After a lot of searching, I found this Stack Overflow question, which provides a great example of this phenomenon. We don’t get an answer to why int64 changes to float64 when a str row receives an empty value, but we can now recognize a pattern that causes unexpected behavior and there are a few ways we can address it.

The Blanket

In our case, this really only matters when we’re finally dropping our results into our CSV. to_csv includes an argument that allows us to auto-format floats so we can decide how many decimal places to display. It’s just as simple as this:

df.to_csv('test.csv', quotechar='"', index=False, quoting=1, float_format='%.0f')

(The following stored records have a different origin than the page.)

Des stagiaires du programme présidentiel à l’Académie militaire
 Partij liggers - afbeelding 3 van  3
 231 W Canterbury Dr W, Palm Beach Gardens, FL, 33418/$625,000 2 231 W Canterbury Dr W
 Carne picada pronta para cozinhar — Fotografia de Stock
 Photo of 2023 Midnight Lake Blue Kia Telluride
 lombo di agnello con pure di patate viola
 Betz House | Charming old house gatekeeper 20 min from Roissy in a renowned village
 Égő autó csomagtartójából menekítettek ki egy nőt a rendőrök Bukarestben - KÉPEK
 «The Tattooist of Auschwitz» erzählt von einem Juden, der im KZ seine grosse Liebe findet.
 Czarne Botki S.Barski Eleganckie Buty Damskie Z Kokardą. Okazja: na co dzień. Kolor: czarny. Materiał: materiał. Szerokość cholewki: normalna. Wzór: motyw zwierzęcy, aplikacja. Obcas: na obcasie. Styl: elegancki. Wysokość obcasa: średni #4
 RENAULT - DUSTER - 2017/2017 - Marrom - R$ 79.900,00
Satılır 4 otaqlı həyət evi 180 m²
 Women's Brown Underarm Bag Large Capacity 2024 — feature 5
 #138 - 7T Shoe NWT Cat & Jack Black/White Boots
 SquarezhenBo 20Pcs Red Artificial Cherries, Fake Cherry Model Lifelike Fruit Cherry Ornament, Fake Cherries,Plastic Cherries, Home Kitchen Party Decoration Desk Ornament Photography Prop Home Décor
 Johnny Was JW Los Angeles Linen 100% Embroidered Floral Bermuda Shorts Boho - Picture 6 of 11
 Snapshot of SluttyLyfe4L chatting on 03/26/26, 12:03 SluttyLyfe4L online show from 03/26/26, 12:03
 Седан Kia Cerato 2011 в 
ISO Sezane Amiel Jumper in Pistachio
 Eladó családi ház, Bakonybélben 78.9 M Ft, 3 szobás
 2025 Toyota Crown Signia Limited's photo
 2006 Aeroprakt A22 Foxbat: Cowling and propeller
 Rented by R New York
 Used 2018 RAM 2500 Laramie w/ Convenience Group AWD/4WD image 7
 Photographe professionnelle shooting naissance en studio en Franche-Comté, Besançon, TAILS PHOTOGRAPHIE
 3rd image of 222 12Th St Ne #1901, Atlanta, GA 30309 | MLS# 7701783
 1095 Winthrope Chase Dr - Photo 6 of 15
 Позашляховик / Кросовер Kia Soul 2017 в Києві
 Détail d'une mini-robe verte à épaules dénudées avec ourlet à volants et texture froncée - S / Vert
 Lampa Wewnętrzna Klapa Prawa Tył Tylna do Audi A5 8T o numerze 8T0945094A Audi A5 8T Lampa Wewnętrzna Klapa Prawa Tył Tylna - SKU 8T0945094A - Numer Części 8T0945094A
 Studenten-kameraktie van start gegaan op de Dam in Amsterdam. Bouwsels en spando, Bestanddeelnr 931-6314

This means that all of our floats will display zero decimal places. Here’s the result:

Ah…this is a problem because we’ve lost the cents in our price column. float_format's downside is that it affects all the float columns in your DataFrame, so it won’t quite work in this example. Alternatively, we can selectively format and sanitize our one problem column:

df['purchaser_id'] = (
df['purchaser_id'].astype(str).replace('\.0', '', regex=True)

If we cast the type from float to str, we can use replace to pull out the .0. In this simple example, this works!

The struggle continues

Rather than converting data back to what it was before the unexpected behavior, we might want to try preventing that behavior before it ever occurs. The issue here stems from pandas having confusion regarding our int64 column. We can set the data type of that column right off the bat:

df = pd.DataFrame(data, columns=columns, dtype=object)

Whatever data is stored in the DataFrame here will be displayed in its original format, regardless of any None values. But if we use loc to add something, it’ll still suffer from the same issue:

first row :D, second row D:

I did a bunch of searching and experimenting and could not find a way to add a new value to the DataFrame without seeing the .0 in that new row. We can once again remove it with the replace function, but setting the column type as object did not save us.

Since I actually have to come up with a solution to this problem at work (where the replace method isn’t working for some reason), I think the best strategy is to regenerate DataFrames with full sets of data rather than trying to add info:

import pandas as pddata = [['bananas', 1128553, 2.49]]
columns = ['product_name', 'purchaser_id', 'price']
df = pd.DataFrame(data, columns=columns, dtype=object)
# The purchaser_ids in this df do not include .0, but if we add another row, we may end up with one.
# convert the df back to a list:
df_values = df.values.tolist()
# update the list
df_values.append([None, 123, .89])
# make a new df now that our list contains all the data we want
new_df = pd.DataFrame(df_values, columns=columns, dtype=object)
new_df.to_csv('test.csv', quotechar='"', index=False, quoting=1)

Finally, we have a CSV with the formatted data we’re looking for.